In fall 2015, I was honored for academic excellence by being included on the College of Education, Health, and Human Services' Dean's List.
In February 2016, I was one of 20 students selected to participate in the Soul of Success Retreat presented by the University of Michigan-Dearborn African and African-American Studies Department annually. On March 18-19, I joined other students of color to discuss opportunities for advancement in higher education and various career fields.
Since 2013, I have been active in the University of Michigan-Dearborn's CASL SOAR program by serving on panel discussions at the annual On the Move Workshop. Also, I created a scholarship guide to benefit SOAR students.
Additionally, I have participated in programs hosted by the Women's Resource Center (WRC) on campus. For the past two years, I have spoken to nontraditional age women college students about scholarship opportunities and strategies for academic success at the University of Michigan-Dearborn. Like the SOAR program, I created a scholarship guide for women served by the WRC.

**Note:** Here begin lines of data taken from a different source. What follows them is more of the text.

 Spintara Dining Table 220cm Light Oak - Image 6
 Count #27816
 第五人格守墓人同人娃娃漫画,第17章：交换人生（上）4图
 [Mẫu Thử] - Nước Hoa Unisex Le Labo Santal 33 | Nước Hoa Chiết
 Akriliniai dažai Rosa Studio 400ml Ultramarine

In 2014, I earned a scholarship to join the Women's Resource Center at the American Association of University Women's National Conference for College Women Student Leaders Conference (NCCWSL) in Baltimore, Maryland.
That same year, I served as a reading mentor to kindergarten students at the Early Childhood Education Center in Dearborn, MI. I volunteered for a full semester as a reading mentor through the Read to Me program led by University of Michigan-Dearborn Professor Danielle DeFauw.

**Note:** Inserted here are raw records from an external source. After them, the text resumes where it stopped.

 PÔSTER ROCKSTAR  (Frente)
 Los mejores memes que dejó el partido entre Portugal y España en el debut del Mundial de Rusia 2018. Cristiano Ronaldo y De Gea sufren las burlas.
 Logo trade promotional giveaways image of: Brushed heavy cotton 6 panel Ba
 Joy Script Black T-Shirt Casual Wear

Recently, I joined InterVarsity Christian Fellowship by participating in weekly Bible studies on Thursday afternoons. Still, I continue to be involved in programs offered through the SOAR program and the Women's Resource Center.
What is your Dream Career?
Next year, I plan to apply to graduate school to earn a Master’s Degree in Reading Education. I plan to acquire the knowledge necessary to become a reading specialist with the goal of teaching underserved youth.

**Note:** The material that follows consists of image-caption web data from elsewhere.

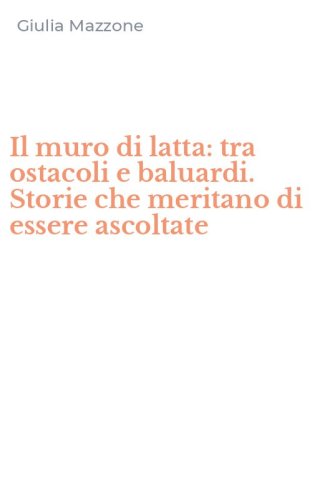 Il muro di latta: tra ostacoli e baluardi. Storie che meritano di essere ascoltate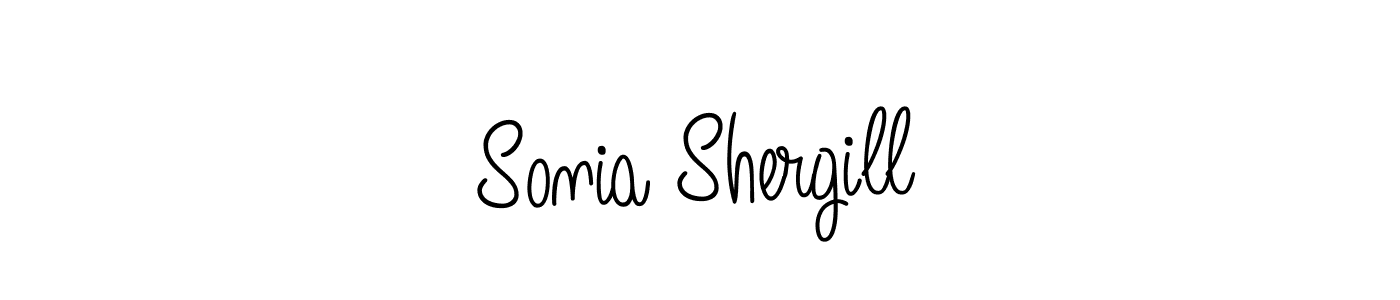 Sonia Shergill stylish signature style. Best Handwritten Sign (Angelique-Rose-font-FFP) for my name. Handwritten Signature Collection Ideas for my name Sonia Shergill. Sonia Shergill signature style 5 images and pictures png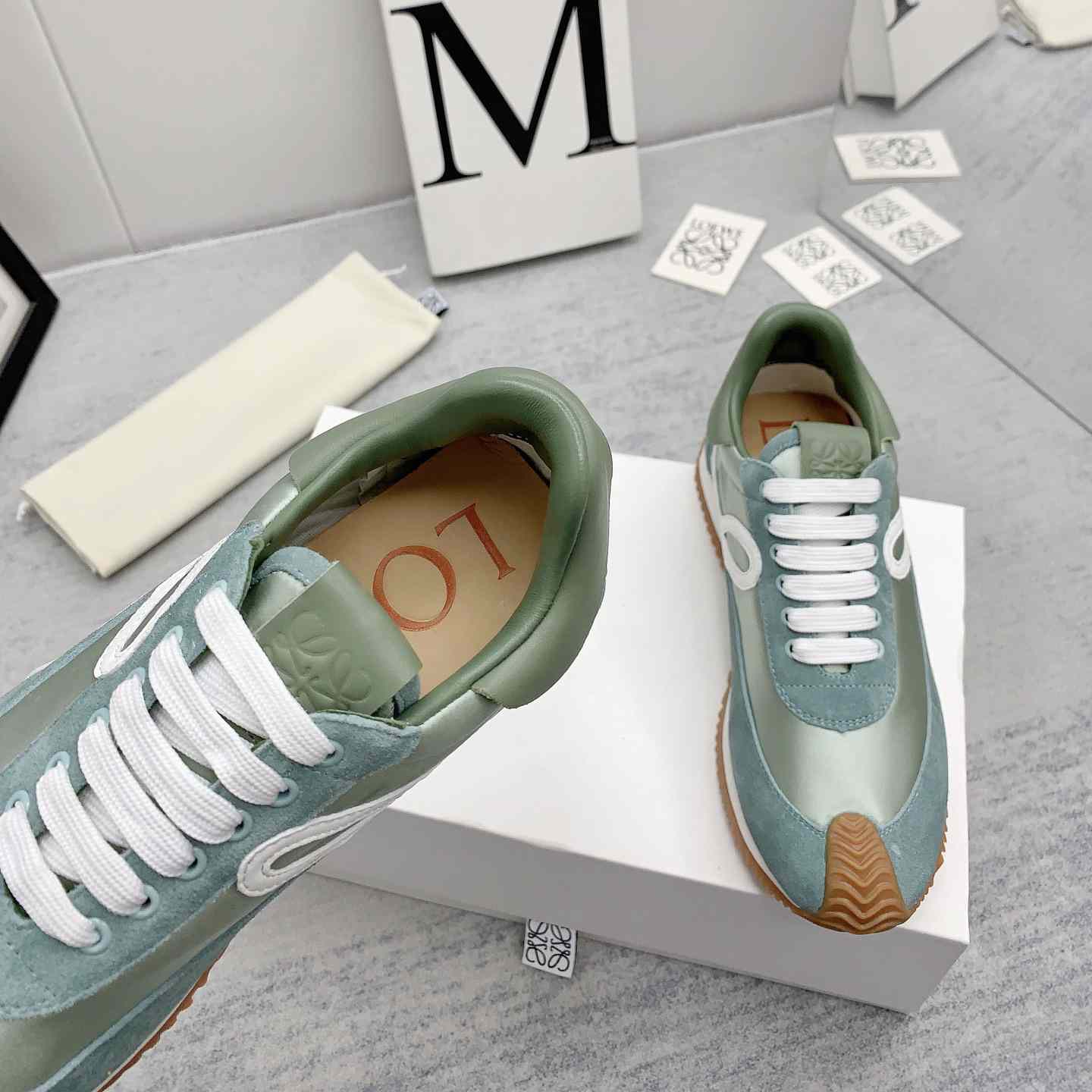 Loewe Flow Runner In Nylon And Suede - DopestKickz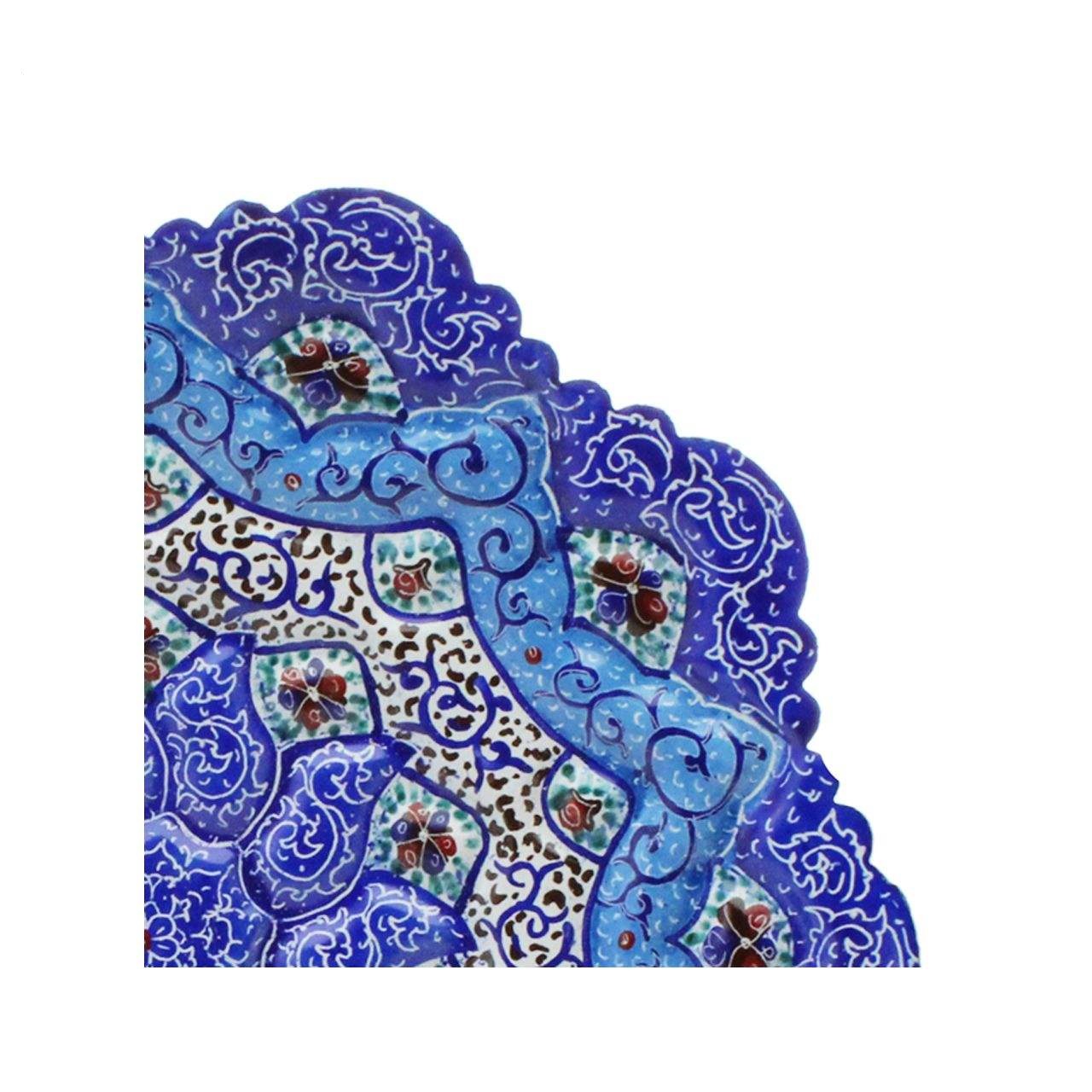 Enamel Handicraft Copper dish code MR 16 - 9,buy blue enamel,buy traditional enamel,buy dishes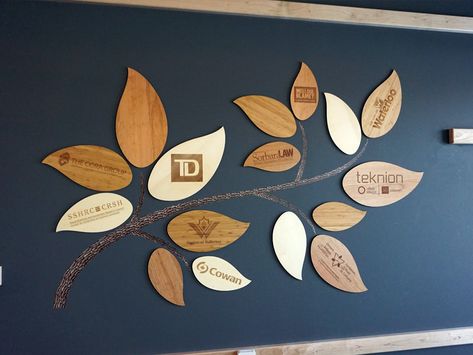 Donor Tree Wall, Donor Recognition Wall Ideas, Donor Wall Design Ideas, Donor Recognition Ideas, Donor Wall Ideas, Donor Tree, Donor Wall Design, Donor Signage, Donor Plaques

As a long term goal, I plan to consultant for school districts on how to design research-based and culturally responsive literacy programs to benefit underserved youth.
To prepare for graduate school, I plan to apply to the Institute for Recruitment of Teachers (IRT). The IRT addresses the lack of diversity in the nation’s teaching faculties by recruiting outstanding students of color and other scholars committed to diversity, counseling them through the graduate school application process, and advocating for sufficient funding for advanced study. I believe the IRT program will prepare me for graduate school and a long-term career in the field of education.
Was your most Defining Moment at UM-Dearborn:
As a prospective UM-Dearborn student, I attended the CASL SOAR program's On the Move Workshop in 2012. This was a defining moment for me because I heard Dr. Beverly Alexander speak at the event. An alumni of UM-Dearborn and a SOAR graduate, Dr. Alexander shared how she overcame obstacles along her educational journey to earn her doctorate degree. After hearing her speak, I was inspired to return to college to complete my degree.
In August 2012, I was one of twenty men and women accepted into the SOAR program at the University of Michigan-Dearborn. SOAR supports nontraditional age students who are 25 and older in starting or returning to college to complete their first bachelor’s degree. The SOAR program provided me with encouragement, support, and resources that contributed to my academic success.
Currently, I maintain a 3.4 cumulative grade point average and I have earned multiple scholarships. My experience at UM-Dearborn has been enhanced by my involvement in the SOAR program.